O apagão no Amapá é apurada pela Aneel e não há prazo para conclusão do processo. Um relatório da análise inicial da agência, de caráter reservado, teve parte dos termos divulgados pela TV Globo e apontou que falhas do ONS e da empresa responsável pela subestação causaram o apagão.
Os termos de notificação foram enviados pela Aneel em 22 de dezembro e poderão ser respondidos até a próxima semana, no dia 21. A agência só irá emitir um posicionamento final sobre o processo após análise dessas informações. As partes envolvidas podem recorrer da decisão administrativamente. Se não concordarem com a conclusão, podem ir à Justiça.
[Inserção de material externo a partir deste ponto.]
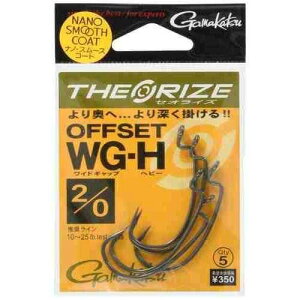 GAMAKATSU ���܂��� �o�� �Z�I���C�Y �I�t�Z�b�gWG-H (NSC) #2/0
Em nota, o ONS confirmou o recebimento do documento e afirmou que irá se manifestar dentro do prazo previsto, “prestando os devidos esclarecimentos e apresentando as evidências para demonstrar que atuou conforme suas atribuições legais e dispositivos regulatórios”.
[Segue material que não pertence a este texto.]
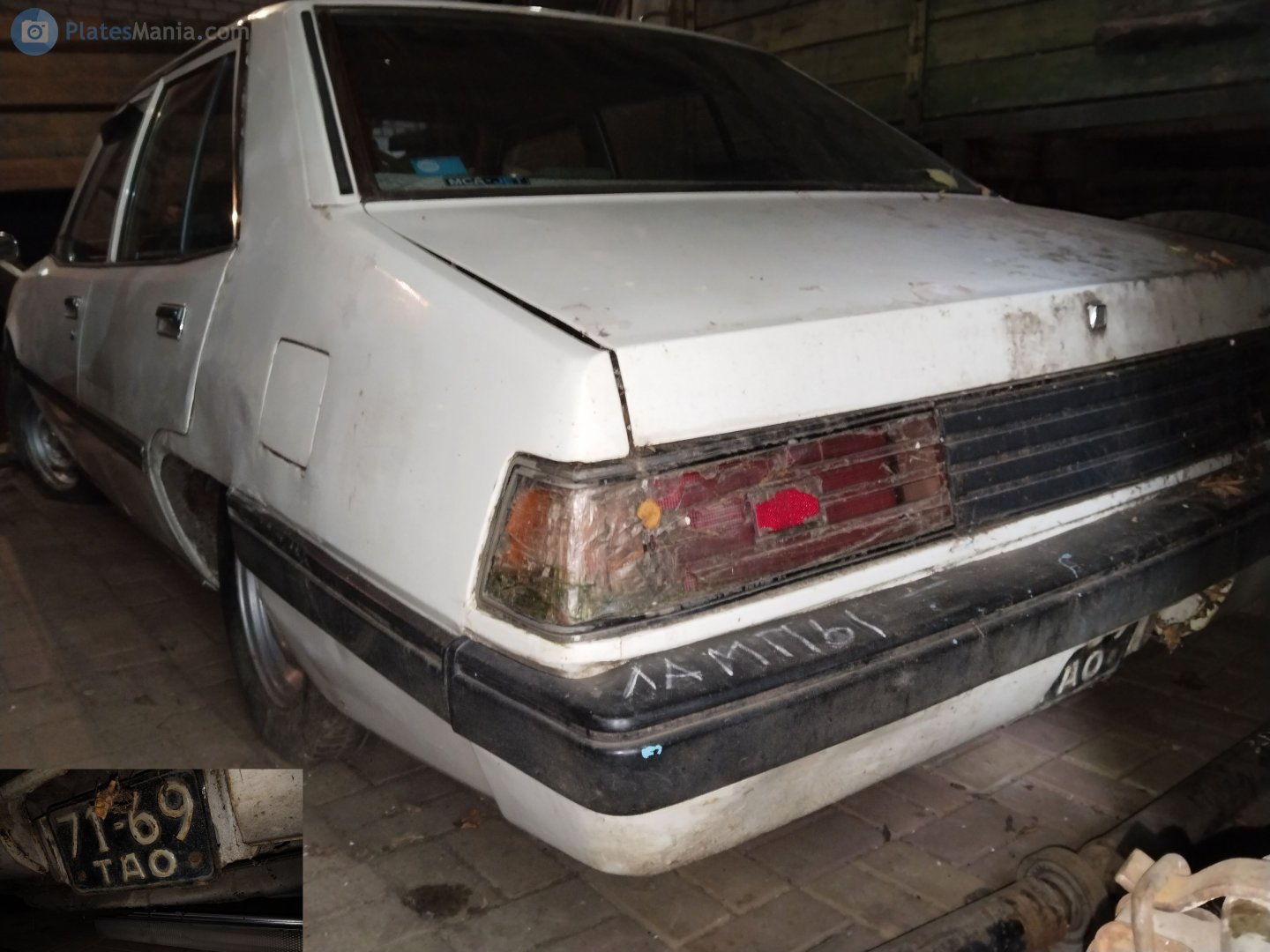 7169 ТАО, Mitsubishi Galant 4th gen (Sigma) Sedan (A160), 1980–1987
A LMTE, responsável pela subestação, afirmou que “não houve negligência” na operação. Em nota, a empresa afirmou que as causas do apagão ainda estão sendo apuradas e não foi “encontrado qualquer indício de que o problema seja ligado à manutenção dos equipamentos pela LMTE ou a problemas por parte da gestão da companhia.”
“Ressaltamos ainda que um conjunto de fatores levou à perturbação do sistema Macapá, tais como falta de redundância, falta de planejamento, falta de sistema de proteção que deveria estar previsto no projeto, o que sinaliza que deve-se estender a fiscalização para outros entes setoriais”, diz a nota.
Um relatório inicial de análise da perturbação, feito pelo ONS no início de dezembro, mostra que houve defeito nos transformadores utilizados pela LMTE na subestação Macapá. O documento levantou ainda a hipótese de que houvesse problemas no isolamento dos equipamentos. A LMTE tem 90 dias para responder aos termos do relatório - que funcionaria como uma espécie de caixa preta para acidentes aéreos.